# [TASK TO CARRY OUT]
The required output is the exact run of lines below that opens at the line with "Garnier Hair Color" and closes at the line with "LEVI'S VINTAGE 501".

# [RECORD SET]
Start of Block

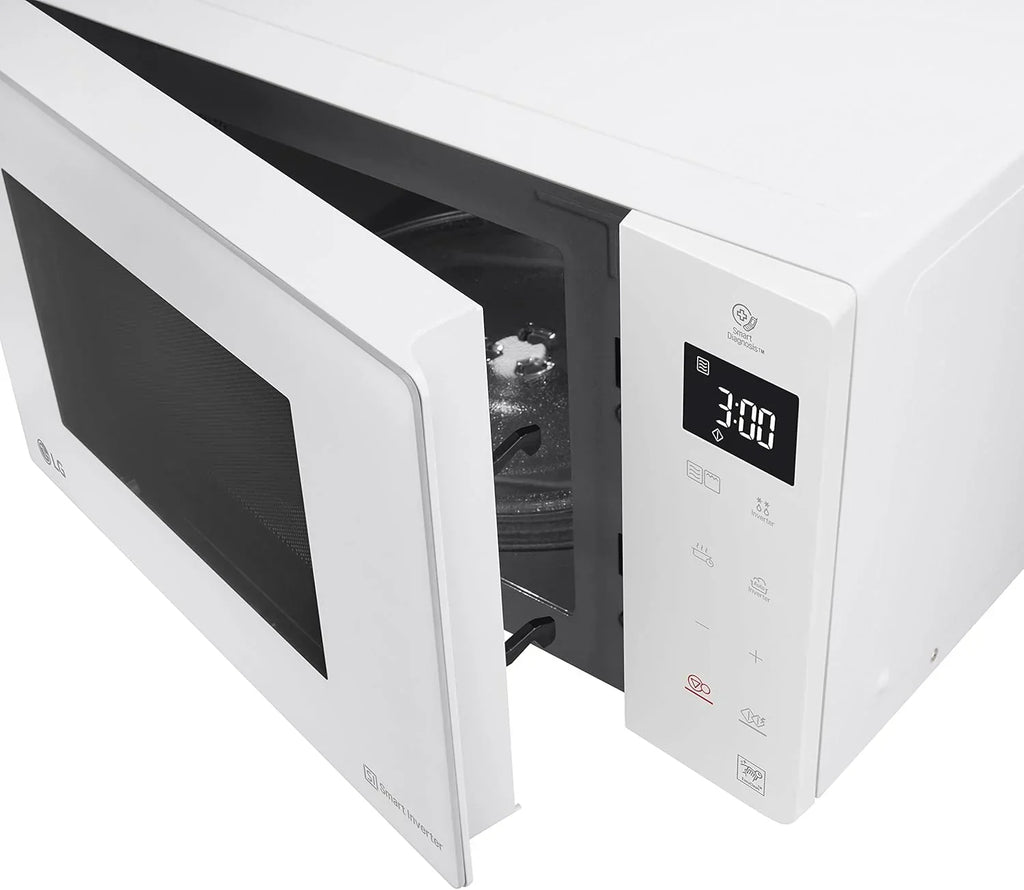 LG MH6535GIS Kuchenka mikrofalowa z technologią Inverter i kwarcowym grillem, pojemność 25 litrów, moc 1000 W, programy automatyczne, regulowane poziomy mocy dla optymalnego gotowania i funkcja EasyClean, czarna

End of Block
Start of Block

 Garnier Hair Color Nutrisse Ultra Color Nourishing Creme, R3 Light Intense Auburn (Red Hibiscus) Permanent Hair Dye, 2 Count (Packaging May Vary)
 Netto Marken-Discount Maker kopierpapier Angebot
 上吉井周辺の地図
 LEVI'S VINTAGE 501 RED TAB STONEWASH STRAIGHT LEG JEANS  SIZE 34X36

End of Block

# [REPLY]
 Garnier Hair Color Nutrisse Ultra Color Nourishing Creme, R3 Light Intense Auburn (Red Hibiscus) Permanent Hair Dye, 2 Count (Packaging May Vary)
 Netto Marken-Discount Maker kopierpapier Angebot
 上吉井周辺の地図
 LEVI'S VINTAGE 501 RED TAB STONEWASH STRAIGHT LEG JEANS  SIZE 34X36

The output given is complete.